I have stared at this blank screen for a while now trying to decide where to begin and I’m still not sure so I will start from my last post.
June 22, 2012. I was going places on my journey. I had no idea I would be here at this moment.
July 2012 began what would be my 2nd divorce. The girls and I packed up and moved back to the DFW metroplex where we would be close to family again. We found a little rent house, the girls were signed up for school and I found a new job that was great but still didn’t make ends meet being a single mom. I picked up a 2nd job waitressing on weekends and 2 nights a week. Thankfully I had family that lived across the street and they were able to help with the girls when I was working. I had a close circle of family and friends that got me through this time. I worked out or made good food choices every now and then but not faithfully.

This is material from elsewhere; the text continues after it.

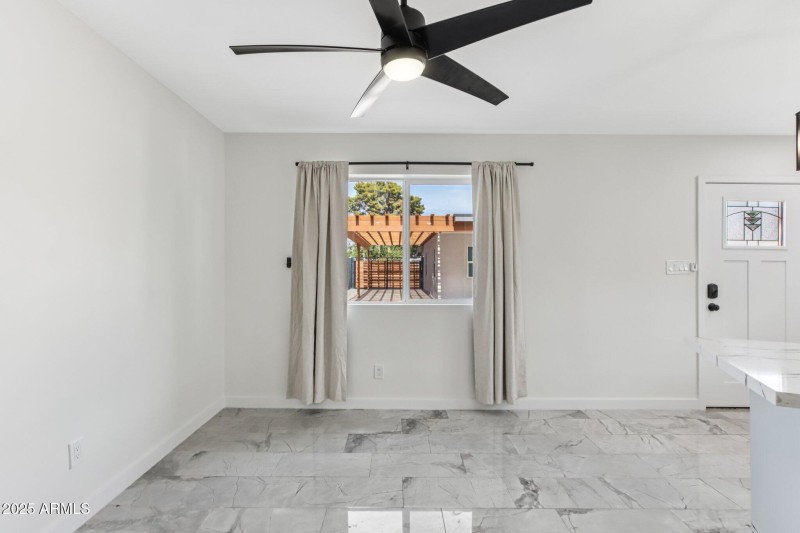 32-web-or-mls-N 20th St-L2207-030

April 2013, I met a man that would change me in more ways than I could imagine. He wasn’t my usual type at ALL. He was 12 years older, salt & pepper hair and a drummer in a metal band but I took a chance. It was one of the best chances I have ever taken. He has shown me what it’s like for a man to love me. Not what I can give, how clean the house is, what I cook for dinner, how I look, my weight or my past, but me.
May 2013, my oldest daughter decided she wanted to live with her dad. This was hard for me to say yes to but I did. She has been my right hand since she was born but I understood her desire to have a better relationship with her dad and who was I to prevent her from trying.

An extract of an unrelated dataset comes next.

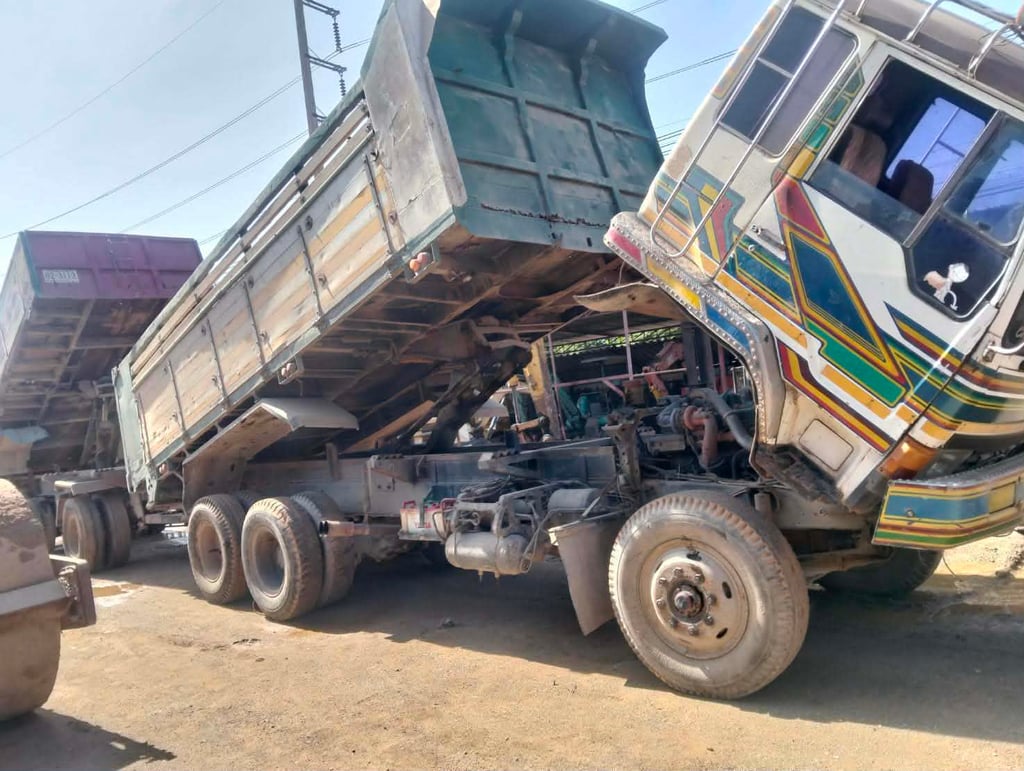 ขายรถ10ล้อพ่วงแม่ลูกดั้ม mitsubishi Fn527m-a23669 มีทะเบียน ใช้งานปกติ ราคาถูกดี4.5แสน ขายรถ10ล้อพ่วงแม่ลูกดั้ม mitsubishi Fn527m-a23669 มีทะเบียน ใช้งานปกติ ราคาถูกดี4.5แสน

July 2013, our lease was about to be up on the rent house and we had everything laid out to move to Plano in August. I put the deposit down on our new place, started packing, hired the movers and started getting everything laid out.
August 2013, my guy asks us to move in with him. Crazy I know. It took me a while to make a decision. This meant I would be giving up my stuff and fitting into his home. For me this is what was hard. Not, would it work or would we be happy. That I knew was possible. My “stuff” had been my security for so long I wasn’t sure I could let go of it. Through 2 marriages and divorces I always had my “stuff” when I had to put the pieces back together again. I realized if I wanted this to be different then maybe I needed to be different. “Stuff” is just stuff and I want to have “stuff” that is ours, not mine and not his, but ours. So I did it. I gave away most of my “stuff” and the little one and I moved in with him.

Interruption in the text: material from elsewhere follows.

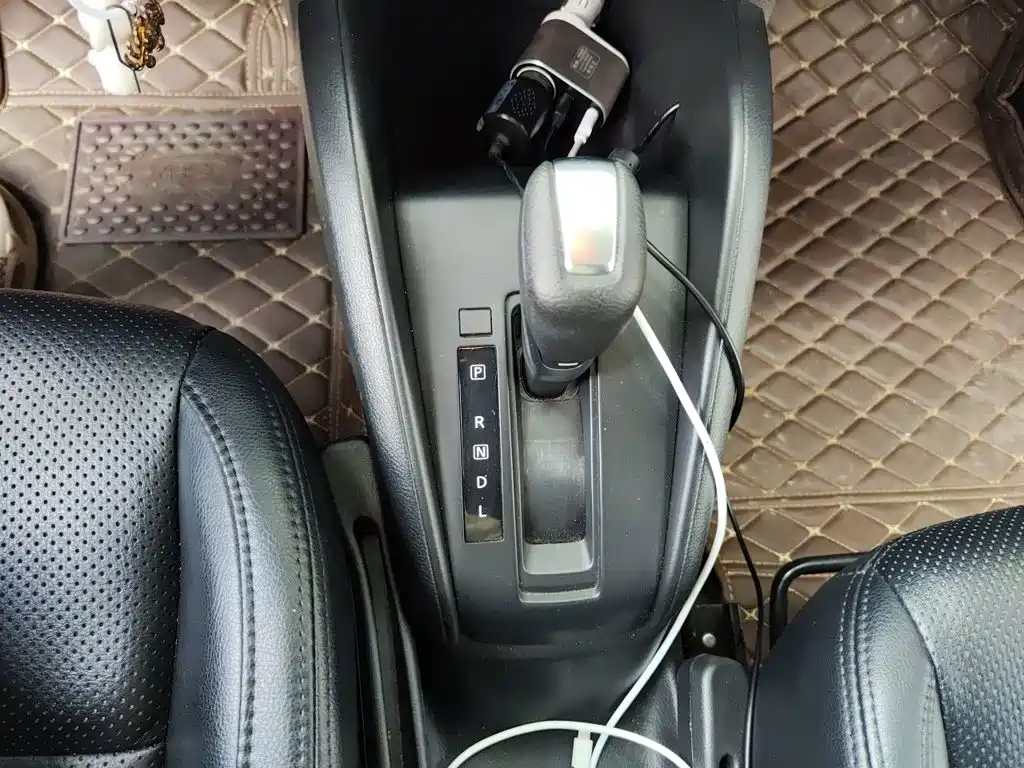 Photo 10 - Nissan Kicks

November 2013, I was offered a better job with a construction company as the regional accounting admin and made the move. It feels like home and I love that feeling.
March 2014, I have been on an emotional rollercoaster. I haven’t seen my oldest daughter for more than an hour or so at a time since July 2013. Honestly it’s more than I have in me right now to talk about but it breaks my heart. I don’t understand it. I haven’t figured out how to deal with it or fix it. I am a fixer and this one I haven’t been able to fix. I have done what I do in times of depression. I have put on weight. I am up 21 pounds since the last time I wrote here. That bothers me in many ways. I really thought I had my emotional eating figured out and under control. I was wrong. I sometimes feel like all the things I learned while I was blogging in the past were like a dream and they never really happened.
This is where I am and this is where I am starting from again. I don’t want to be skinny, skinny doesn’t mean happy. I don’t want a perfect figure, perfect figures don’t mean happy. I just want to be a happy healthy me and this is just where I will document the ups and downs of the journey.